A mulher «executiva» entra no Parque das Nações, vem agitada, com pressa de chegar à sede do BES, na Avenida da Liberdade. Pede-me para escolher o percurso mais rápido. Durante a viagem não pára de fazer telefonemas. Oiço várias vezes as palavras «financiamento», «projecto»; e oiço falar em muitos milhares de euros...
Tudo a postos para a reunião de alta finança. «Estou quase a chegar!», diz a alguém, visivelmente satisfeita com o taxista. «Passe-me um recibo de 15 euros», diz-me (o taxímetro marcou à volta de sete euros). Afinal, o que pesa uma simples «corrida» de táxi num «budget» de milhões euros?!
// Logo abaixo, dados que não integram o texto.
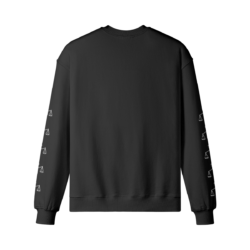 Alternative view of Frieren Aura Sweatshirt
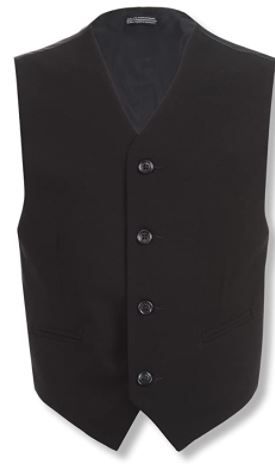 Photo 1 of Calvin Klein Boys' Formal Suit Vest - MEDIUM 10 / 12 
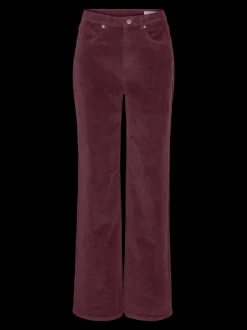 VMTESSA Hög Midja Vid Passform Jeans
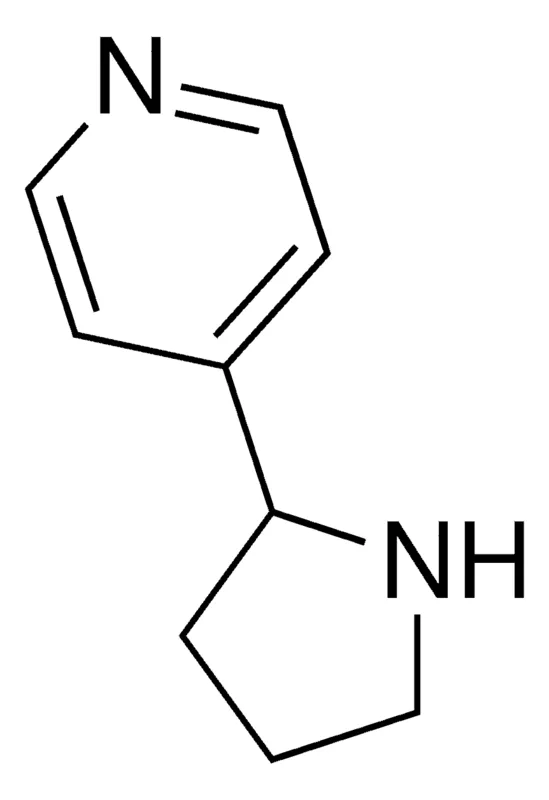 Sigma-Aldrich 4-pyrrolidin-2-ylpyridine，AldrichCPR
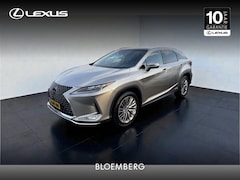 Lexus RX 450h - 4WD President Line | Schuif-kantel dak | Mark Levinson | Reservering Willem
De vez em quando «mergulho» na noite de Lisboa, de preferência aos sábados, quando a «malta da pesada» sai à rua. Primeiro «faço» o Amoreiras e o Vasco da Gama (não gosto do Colombo), depois mudo a rota para as Docas, o Lux, a Kapital... Pelo meio, dou um salto à Duque de Loulé, local de grande «fauna» nocturna.
Quatro ingleses saem do Galery bem bebidos e acompanhados. Querem dois táxis para uma ida ao hotel, em Cascais, um deles com espera (o meu), porque as mulheres regressam a Lisboa.
Outras «corridas», as daquelas mulheres (duas brasileiras, uma portuguesa e uma africana). São bonitinhas, saem meninas da «terra» e são lançadas na alta-roda da prostituição.
No regresso a Lisboa, pela Marginal, enquanto sinto a brisa fresca do mar e oiço a conversa das jovens, dou comigo a pensar nesta «coisa» chamada vida. Puta de vida!

7.4.06

Há duas praças de táxis no aeroporto de Lisboa: a das partidas e a das chegadas. A primeira tem boa fama, é «tudo» gente séria; a segunda, rotulada de «quintal» (fica num espaço isolado), tem má fama, «só» lá param os taxistas «malandros», os «tais» que enganam os clientes...
Como sou curioso e não acredito nestas versões, tanto frequento uma como outra. Depende do tráfego... Ontem fui à praça de baixo, a das chegadas. Tomei um cafezinho, misturei-me com os taxistas «malandros». Não notei qualquer diferença... Aguardei meia hora e saiu-me uma boa «corrida», a Alcochete, levar um casal que regressou da lua-de-mel na Tailândia.
Há gente honesta e gente desonesta em todo o lado. A grande maioria dos taxistas é formada por pessoas sérias. E a ideia de que «lá em baixo» só param os «malandros» não corresponde à verdade.

6.4.06

Não é pessoa de conversa fácil, à primeira vista. O novo director do Centro Cultural de Belém (CCB) não dispensa o táxi para as suas viagens na cidade. Anda muito atarefado, pelos vistos... Domingo, só às duas da tarde saiu para almoçar. A colecção de arte moderna de Berardo e as novas ideias para ocupar aquele espaço nobre da capital devem ocupar-lhe muito tempo... Sou leitor das suas crónicas na «Visão» e tinha lido uma entrevista recente com o novo responsável pelo CCB, por isso não senti dificuldades em dialogar. Não tenho dúvidas: com António Mega Ferreira, o CCB vai ganhar nova dinâmica.

***

Antigo presidente do Sporting, também não dispensa o táxi. Não foi a primeira vez que transportei João Rocha. Naturalmente, o clube de Alvalade foi tema de conversa, tanto mais que atravessa crise directiva de certa gravidade. Desculpem qualquer coisinha, mas guardo para mim o teor da conversa.

***

Li alguns dos seus livros. Faz-se transportar de táxi nas suas viagens pela capital. É afável, sem ponta da petulância de alguns escribas de meia-tijela que se pavoneiam por aí. Falo de Urbano Tavares Rodrigues, um senhor da literatura portuguesa.